» **DATA BLOCK**
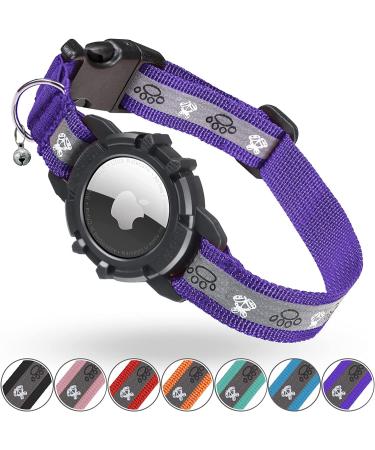 Airtag cat neck band jiarui reflective Air tag cat neck band GPS cat neck band with adjustable and bell integrated Apple Air Tag cats collar suitable for cats puppies s 9-13 inch (23-33cm) purple
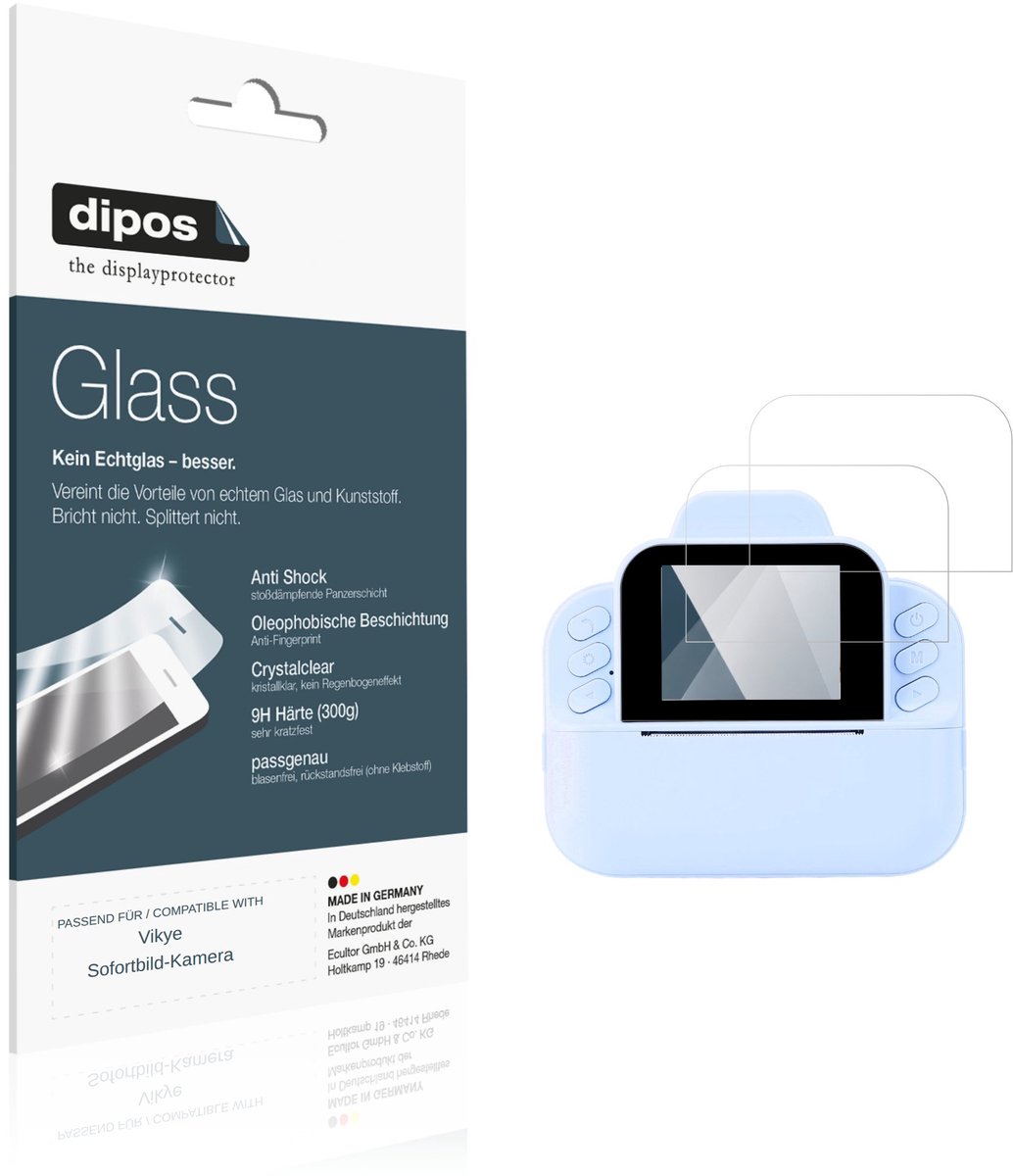 dipos – 2x Pantserfolie geschikt voor Vikye Sofortbild-Kamera | 9H Screenprotector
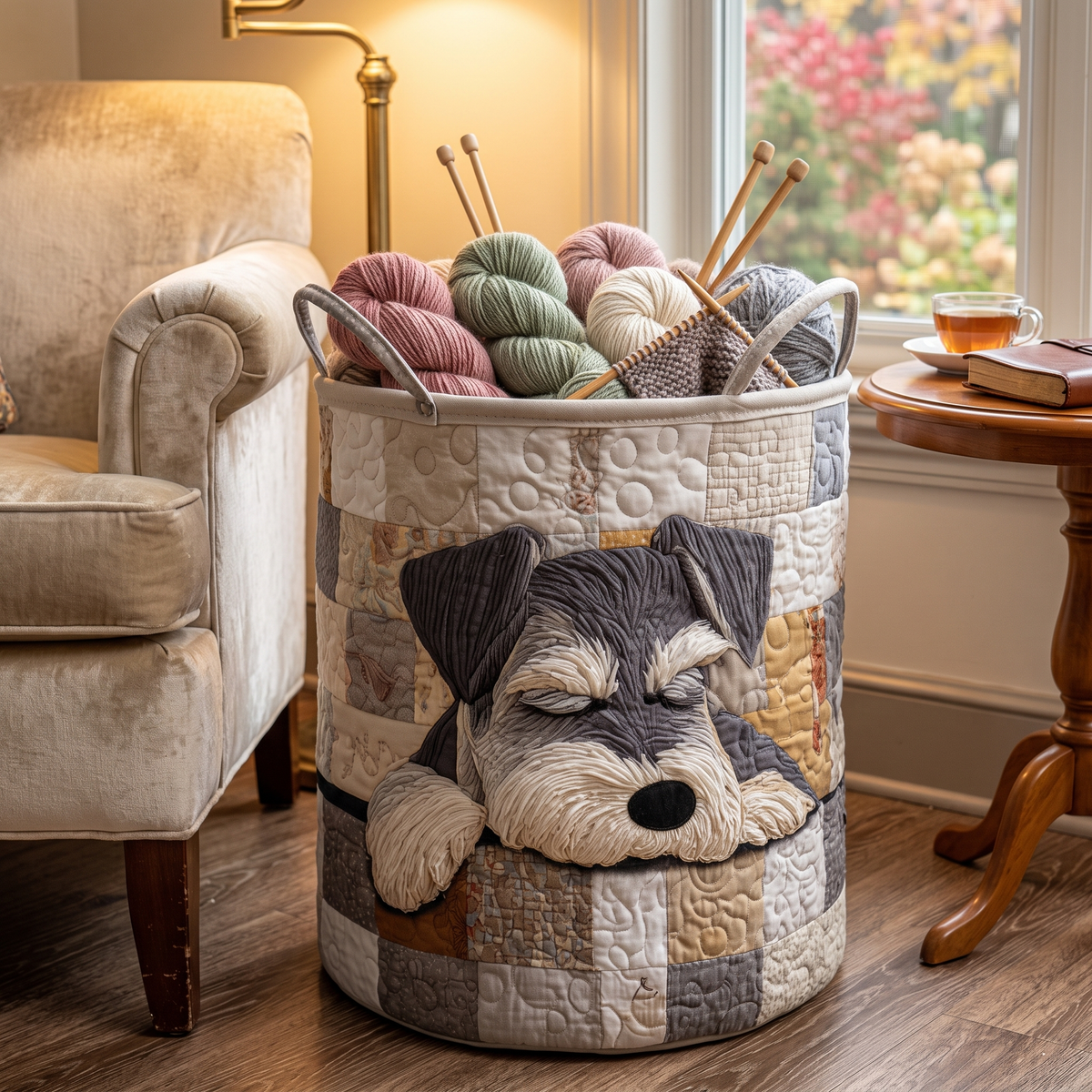 Quilted Laundry Basket - Sleeping Schnauzer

» **EXERCISE REQUIREMENTS**
Write out the data above precisely. Pictures stay out.

» **TASK RESPONSE**
 Airtag cat neck band jiarui reflective Air tag cat neck band GPS cat neck band with adjustable and bell integrated Apple Air Tag cats collar suitable for cats puppies s 9-13 inch (23-33cm) purple
 dipos – 2x Pantserfolie geschikt voor Vikye Sofortbild-Kamera | 9H Screenprotector
 Quilted Laundry Basket - Sleeping Schnauzer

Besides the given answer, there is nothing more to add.